At Macau he spent some eighteen months in the Lazarist seminary, preparing himself for the regular work of a missionary. Having acquired some command of the Chinese language, and modified his personal appearance and dress in accordance with Chinese taste, he started from Canton (Guangzhou).
He at first superintended a Christian mission in the southern provinces, and then passing to Peking (Beijing), where he perfected his knowledge of the language, eventually settled in the Valley of Black Waters or He Shuy, a little to the north of the capital, and just within the borders of Mongolia. There, beyond the Great Wall, a large but scattered population of native Christians had found a refuge from the persecutions of KiaKing, to be united half a century later in a vast but vague apostolic vicariate.

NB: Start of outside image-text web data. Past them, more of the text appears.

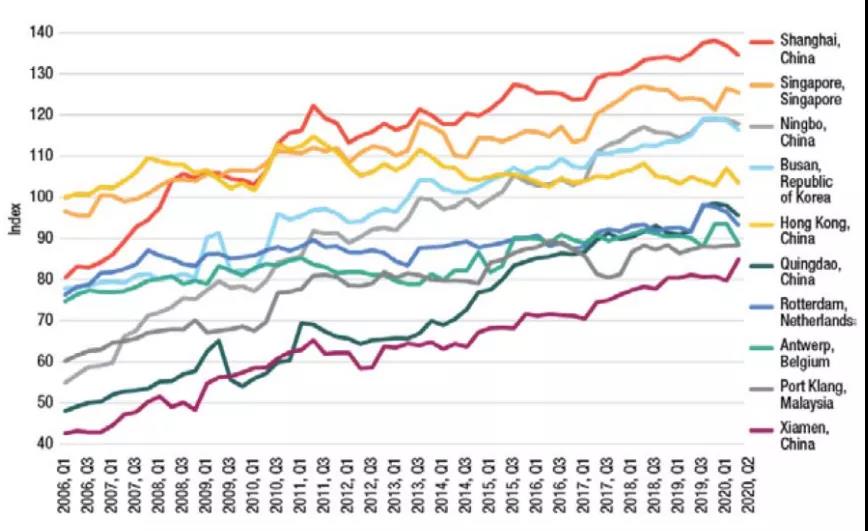 全球前20大貨物吞吐量港口排名出爐，中國港口占據(jù)15個席位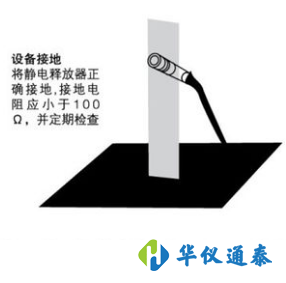 靜電釋放器安裝規范3.png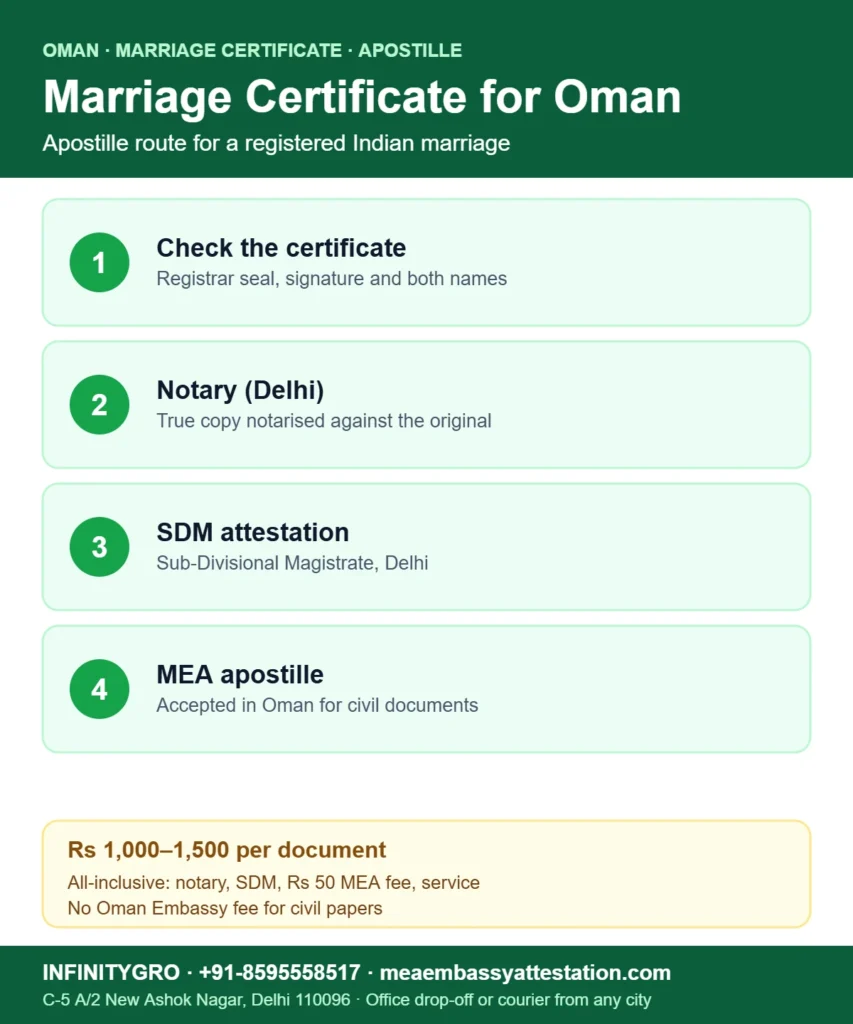 Marriage certificate apostille for Oman: check the certificate, notary, SDM attestation and MEA apostille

The assiduity with which Huc devoted himself to the study of the dialects and customs of the Tatars, for whom at the cost of much labour he translated various religious works, was an admirable preparation for undertaking in 1844, at the instigation of the vicar apostolic of Mongolia, an expedition whose object was to dissipate the obscurity which hung over the country and habits of the Tibetans. September of that year found the missionary at Dolon Nor occupied with the final arrangements for his journey, and shortly afterwards, accompanied by his fellow-Lazarist, Joseph Gabet, and a young Tibetan priest who had embraced Christianity, he set out.
To escape attention the little party assumed the dress of lamas or priests. Crossing the Hwang-ho, they advanced into the terrible sandy tract known as the Ordos Desert. After suffering dreadfully from want of water and fuel they entered Kansu, having recrossed the flooded Hwang-ho, but it was not till January 1845 that they reached Tang-Kiul on the boundary. Rather than encounter alone the horrors of a four months journey to Lhasa they resolved to wait for eight months still the arrival of a Tibetan embassy on its return from Peking. Under an intelligent teacher they meanwhile studied the Tibetan language and Buddhist literature, and during three months of their stay they resided in the famous Kunbum Lamasery, which was reported to accommodate 4,000 persons. Towards the end of September they joined the returning embassy, which comprised 2,000 men and 3,700 animals.
Crossing the deserts of Koko Nor, they passed the great lake of that name, with its island of contemplative lamas, and, following a difficult and tortuous track across snow-covered mountains, they at, last entered Lhasa on the January 29, 1846. Favourably received by the regent, they opened a little chapel, and were in a fair way to establish an important mission, when the Chinese ambassador interfered and had the two missionaries conveyed back to Canton, where they arrived in October of the same year.
For nearly three years Huc remained at Canton, but Gabet, returning to Europe, proceeded thence to Rio de Janeiro, and died there shortly afterwards. Huc returned to Europe in shattered health in 1852, visiting India, Egypt and Palestine on his way, and, after a prolonged residence in Paris, died on March 31, 1860.
His writings comprise, besides numerous letters and memoirs in the Annales de la propagation de la foi, the famous Souvenirs d'un voyage dans la Tartarie, le Thibet, et la Chine pendant les années 1844—1846 (2 vols., Paris, 1850; Eng- trans. by W. Hazlitt, 1851, abbreviated by M. Jones, London, 1867); its supplement, crowned by the Academy, entitled L'Empire chinois (2 vols., Paris, 1854; Eng. trans., London, 1859); and an elaborate historical work, Le Christianisme en Chine, &c. (4 vols., Paris, 1857—1858; Eng. trans., London, 1857—1858).
These works are written in a lucid, racy, picturesque style, which secured for them an unusual degree of popularity. The Souvenirs is a narrative of a remarkable feat of travel, and contains passages of so singular a character as in the absence of corroborative testimony to stir up a feeling of incredulity. That Huc was suspected unjustly was amply proved by later research. But he was by no means a practical geographer, and the record of his travels loses greatly in value from the want of precise scientific data.
See, for information specially relating to the whole subject, the Abbé Desgodin's Mission du Thibet de ~ a 1870 (Verdun, 1872) and Account of the Pundit's Journey in Great Tibet, in the Royal Geographical Society's Journal for 1877.